Rams center Andrew Reed didn't want the game to go into overtime, and at 6 feet 5, with a 25-inch vertical leap, he had the power to make sure it didn't.
Reed's right-handed tipin at the buzzer gave Ridgewood a 59-57 Sunshine Athletic Conference win Friday night.
There was a scrum underneath the basket for the ball in the final 6.5 seconds after Nate Bradley's missed jumper. But Reed's eyes never left the ball as it bounced in midair, and he leaped over nine pairs of outstretched hands to sink the game-winner on his third attempted tipin.
"I was thinking I didn't want it to go into overtime, so I tried to do everything I could to get it back in," Reed said. "It was like time just stopped."
Also stopped, at least for now, is Wesley Chapel's march to the SAC championship. Ridgewood's (19-5, 11-2 in the SAC) win forces a three-way tie between Wesley Chapel (17-6, 11-2 in the SAC) and Gulf (19-3, 12-2). The Wildcats host the Rams in a Feb. 8 rematch at their place.
"The referee said to me (afterward) that was a very good game," Ridgewood coach Gary Anders said. "I would have to think that is the hardest played ballgame from beginning to end and that was the toughest last quarter we've been in."

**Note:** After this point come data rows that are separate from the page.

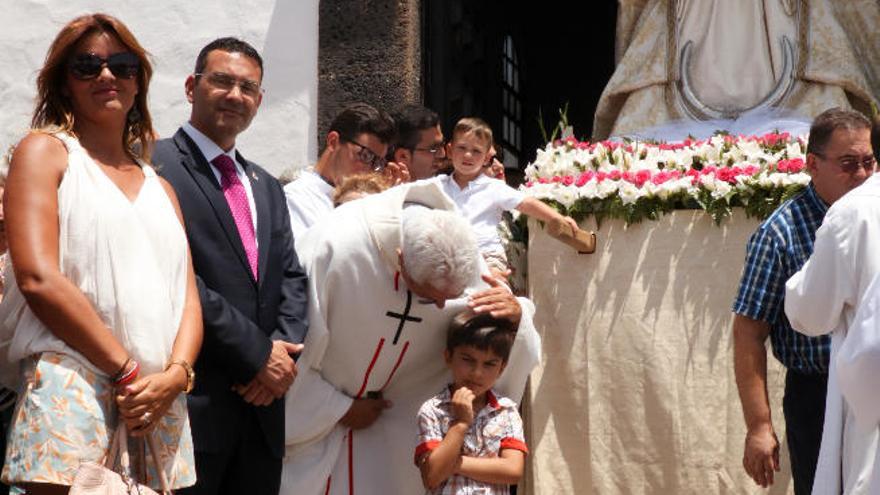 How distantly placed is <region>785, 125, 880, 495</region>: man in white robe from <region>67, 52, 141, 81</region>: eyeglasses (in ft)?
6.23

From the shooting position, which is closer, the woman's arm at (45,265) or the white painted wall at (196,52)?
the woman's arm at (45,265)

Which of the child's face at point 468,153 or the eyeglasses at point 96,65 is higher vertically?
the eyeglasses at point 96,65

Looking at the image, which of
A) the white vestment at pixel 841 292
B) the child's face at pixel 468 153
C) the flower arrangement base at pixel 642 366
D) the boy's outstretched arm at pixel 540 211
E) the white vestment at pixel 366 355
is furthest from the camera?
the child's face at pixel 468 153

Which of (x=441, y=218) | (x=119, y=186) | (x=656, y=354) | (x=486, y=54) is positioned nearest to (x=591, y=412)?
(x=656, y=354)

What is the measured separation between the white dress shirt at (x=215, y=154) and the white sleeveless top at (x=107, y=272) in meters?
0.60

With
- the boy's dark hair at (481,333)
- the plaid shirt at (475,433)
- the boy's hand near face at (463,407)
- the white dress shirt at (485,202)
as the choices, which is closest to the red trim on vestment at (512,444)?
the plaid shirt at (475,433)

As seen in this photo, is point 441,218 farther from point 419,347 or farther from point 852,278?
point 852,278

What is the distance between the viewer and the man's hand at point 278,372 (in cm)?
447

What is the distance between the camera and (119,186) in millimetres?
4117

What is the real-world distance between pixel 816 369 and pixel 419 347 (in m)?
1.24

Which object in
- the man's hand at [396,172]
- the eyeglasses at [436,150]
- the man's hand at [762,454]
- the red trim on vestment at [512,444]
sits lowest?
the man's hand at [762,454]

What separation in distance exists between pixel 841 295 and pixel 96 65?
2.05 meters

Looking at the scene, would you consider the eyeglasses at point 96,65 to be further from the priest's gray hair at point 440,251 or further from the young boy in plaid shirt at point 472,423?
the young boy in plaid shirt at point 472,423

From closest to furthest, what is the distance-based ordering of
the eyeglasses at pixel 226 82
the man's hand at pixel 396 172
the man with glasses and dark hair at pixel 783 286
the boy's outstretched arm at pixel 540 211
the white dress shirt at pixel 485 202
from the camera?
the eyeglasses at pixel 226 82
the man with glasses and dark hair at pixel 783 286
the man's hand at pixel 396 172
the boy's outstretched arm at pixel 540 211
the white dress shirt at pixel 485 202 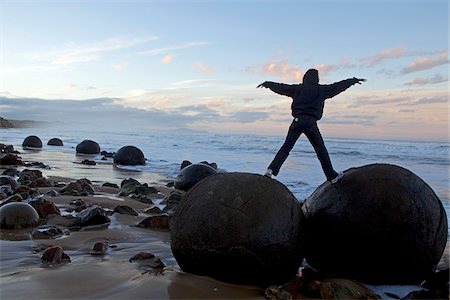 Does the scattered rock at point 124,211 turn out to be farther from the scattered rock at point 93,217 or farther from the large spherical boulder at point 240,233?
the large spherical boulder at point 240,233

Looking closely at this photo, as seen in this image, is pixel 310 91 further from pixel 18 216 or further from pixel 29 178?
pixel 29 178

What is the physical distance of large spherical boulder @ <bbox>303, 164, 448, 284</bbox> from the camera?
4.52 metres

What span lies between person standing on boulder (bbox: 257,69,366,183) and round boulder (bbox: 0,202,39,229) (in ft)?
11.2

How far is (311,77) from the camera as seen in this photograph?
582 centimetres

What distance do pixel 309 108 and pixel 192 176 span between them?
628cm

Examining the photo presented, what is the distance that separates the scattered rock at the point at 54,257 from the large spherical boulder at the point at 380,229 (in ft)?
8.49

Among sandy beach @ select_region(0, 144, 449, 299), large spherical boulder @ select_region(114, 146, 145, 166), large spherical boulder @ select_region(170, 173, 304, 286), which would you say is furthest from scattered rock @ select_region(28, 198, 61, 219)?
large spherical boulder @ select_region(114, 146, 145, 166)

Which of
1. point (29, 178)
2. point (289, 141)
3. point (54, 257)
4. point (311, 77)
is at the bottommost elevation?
point (54, 257)

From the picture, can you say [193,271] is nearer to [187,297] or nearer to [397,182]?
[187,297]

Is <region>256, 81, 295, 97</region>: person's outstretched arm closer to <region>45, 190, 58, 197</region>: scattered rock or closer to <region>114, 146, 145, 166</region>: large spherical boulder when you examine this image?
<region>45, 190, 58, 197</region>: scattered rock

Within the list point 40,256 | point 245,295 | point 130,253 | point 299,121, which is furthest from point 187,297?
point 299,121

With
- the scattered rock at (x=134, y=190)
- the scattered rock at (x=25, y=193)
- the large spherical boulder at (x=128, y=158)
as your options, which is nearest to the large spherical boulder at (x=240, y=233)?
the scattered rock at (x=25, y=193)

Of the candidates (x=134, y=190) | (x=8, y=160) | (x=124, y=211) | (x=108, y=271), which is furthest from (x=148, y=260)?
(x=8, y=160)

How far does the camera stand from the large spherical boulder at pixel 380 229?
14.8 feet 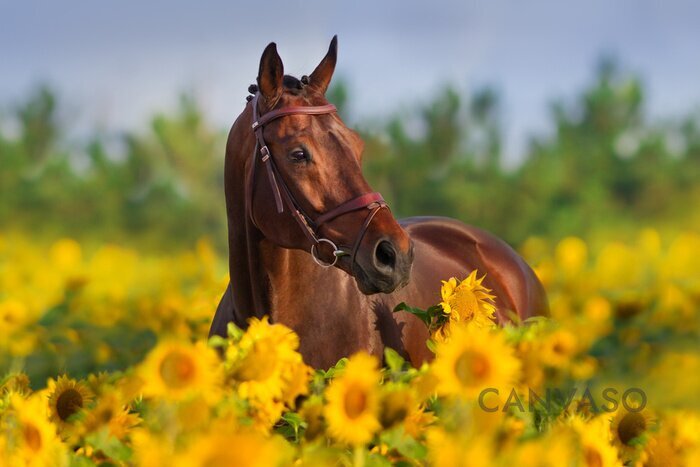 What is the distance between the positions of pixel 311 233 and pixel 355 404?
1375 millimetres

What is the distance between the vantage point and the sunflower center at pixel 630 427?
7.73 ft

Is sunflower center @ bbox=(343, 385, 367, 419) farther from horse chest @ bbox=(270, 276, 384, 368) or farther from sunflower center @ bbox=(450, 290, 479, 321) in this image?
horse chest @ bbox=(270, 276, 384, 368)

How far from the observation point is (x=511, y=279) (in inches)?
195

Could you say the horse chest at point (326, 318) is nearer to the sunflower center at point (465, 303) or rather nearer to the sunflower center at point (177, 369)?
the sunflower center at point (465, 303)

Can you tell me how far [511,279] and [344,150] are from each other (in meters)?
1.96

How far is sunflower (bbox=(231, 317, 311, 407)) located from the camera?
2168 mm

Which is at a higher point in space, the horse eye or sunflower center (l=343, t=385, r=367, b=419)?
the horse eye

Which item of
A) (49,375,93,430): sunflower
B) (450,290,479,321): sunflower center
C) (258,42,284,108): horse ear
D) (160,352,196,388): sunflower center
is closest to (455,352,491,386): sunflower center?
(160,352,196,388): sunflower center

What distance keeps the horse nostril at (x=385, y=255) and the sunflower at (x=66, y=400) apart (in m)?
1.00

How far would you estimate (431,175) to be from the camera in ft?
36.9

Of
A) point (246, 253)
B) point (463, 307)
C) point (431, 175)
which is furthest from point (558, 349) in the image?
point (431, 175)

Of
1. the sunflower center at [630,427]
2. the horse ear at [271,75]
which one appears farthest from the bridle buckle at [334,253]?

Added Wesley Chapel coach Kent Mills: "Every possession was critical. It was probably the most intense eight minutes of the year, and we didn't handle that last four very well."
That's because the Wildcats blew a chance at a five-point lead with four minutes left with a turnover and then saw their three-point lead disappear.
Wesley Chapel jumped out to a 21-12 lead but was down 33-32 at the half. It was neck-and-neck from there as the teams chased each other to the finish line. The key was the Rams' ability to beat the Wildcats' swarming trap in the fourth quarter. "We just toughed it out," Anders said.
Wesley Chapel's Eric Sorensen led all scorers with 27 points, scoring 25 in the first half and dropping four 3-pointers. Mike Argerenon led Ridgewood with 15 points, nine in the second half.
Reed finished with 12, but his last two buckets, three blocks and school-record 21 rebounds are what proved to be the difference.